David is struck by an odour of soap and cloth, a room too tidy, too _______ for his comfort.
Stuck on his door is a card with markings that show at what point his room has a maid visit. David hangs a “do not disturb” sign and shuts his door, slumping slightly at his own arrival.
First on his list is a bath. His trip was hot and shot through with frustration, so a long soak would do him good.

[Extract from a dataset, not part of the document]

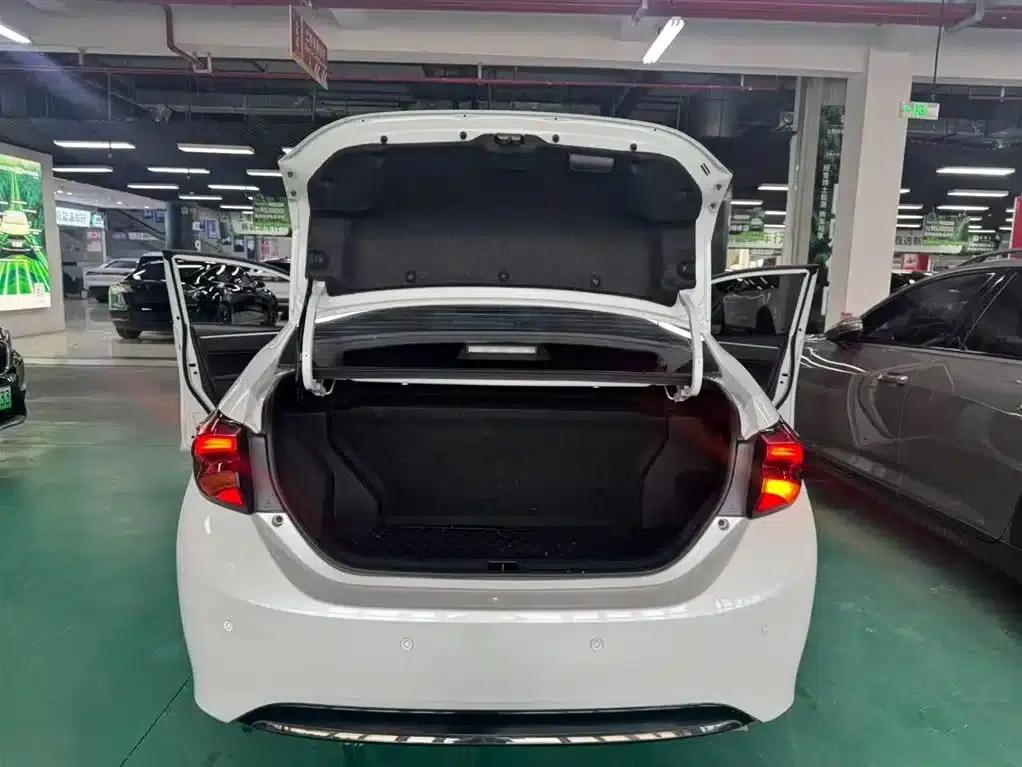 Levin Hybrid E+ 2019 1.8PH GS E-CVT Elite Edition — миниатюра 12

As David pulls a wad from its wall-mount a scrap in a dissimilar stock spins floorwards. David stoops down and lifts it up. An array of words is spilt across it, but at first David cannot follow what it says. Two stanzas, in a tight scrawl. A short composition on an ailing plant, hiding a nasty flavour in which David finds not a jot of joy.
It runs thus:
A Sick Bloom
Oh bloom, thou art sick
An indistinct worm
Has flown through night’s dark
In a howling storm
And sought out thy cot
Of crimson thrill
And with its dark occult lust
Will, oh bloom, thou kill.
William Black
On its back is a big dark spot that chills David to his marrow. As David runs through both stanzas a troubling familiarity occurs to him. This work is known to him.
...
A ladybird with a trio of dots on its back is busy making its way across a fading curtain that hangs from his room’s only window, transfixing David as it crawls. It hits a wall of fabric and stops so that it can work out a satisfactory way of ______. David waits for it to start moving again, as if inspiration might flow from its continuing path, in similar way to that of a mythical Scottish arachnid. But no, it fails to push on, and David thinks for a short instant that it is in fact his companion that is looking to him for inspiration, both now caught in a void of lost ambition. David finally snaps his curtain, causing a ladybird to vanish.
...
...
His two o’clock.
Why work a bank holiday any way? Rocks in his skull, it was a singular possibility.
David blacks out. On coming to, a long dark shadow informs him of lost hours.
A logistical study into obstructions to productivity arising during construction of modular buildings.
What apparition, this?
I thrust my fists against both posts
But still insist I saw two ghosts.
David would always talk in polysyllabics if drunk. It was thought of as proof, if you didn’t know him, that drink couldn’t touch him, and proof if you did that it had!
History is irrational.
Which flips and flaps its way into his loo bowl.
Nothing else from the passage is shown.